[Start of section]
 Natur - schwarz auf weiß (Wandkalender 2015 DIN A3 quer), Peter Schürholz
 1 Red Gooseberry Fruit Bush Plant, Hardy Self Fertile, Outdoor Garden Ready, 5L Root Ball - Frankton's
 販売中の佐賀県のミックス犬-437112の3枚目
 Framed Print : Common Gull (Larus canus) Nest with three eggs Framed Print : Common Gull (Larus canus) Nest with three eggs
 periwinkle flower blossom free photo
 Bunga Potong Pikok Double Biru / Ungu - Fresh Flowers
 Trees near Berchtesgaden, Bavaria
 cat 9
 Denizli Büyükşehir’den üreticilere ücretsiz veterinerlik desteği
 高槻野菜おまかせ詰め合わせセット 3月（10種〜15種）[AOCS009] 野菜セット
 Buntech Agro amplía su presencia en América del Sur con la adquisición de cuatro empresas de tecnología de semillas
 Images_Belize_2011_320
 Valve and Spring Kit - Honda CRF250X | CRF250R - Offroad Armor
[End of section]
* _EXERCISE DESCRIPTION_: Write out exactly, and only, each line from the one with "Trees near Berchtesgaden, Bavaria" down to the last line of the records above.

* _EXERCISE SOLUTION_:
 Trees near Berchtesgaden, Bavaria
 cat 9
 Denizli Büyükşehir’den üreticilere ücretsiz veterinerlik desteği
 高槻野菜おまかせ詰め合わせセット 3月（10種〜15種）[AOCS009] 野菜セット
 Buntech Agro amplía su presencia en América del Sur con la adquisición de cuatro empresas de tecnología de semillas
 Images_Belize_2011_320
 Valve and Spring Kit - Honda CRF250X | CRF250R - Offroad Armor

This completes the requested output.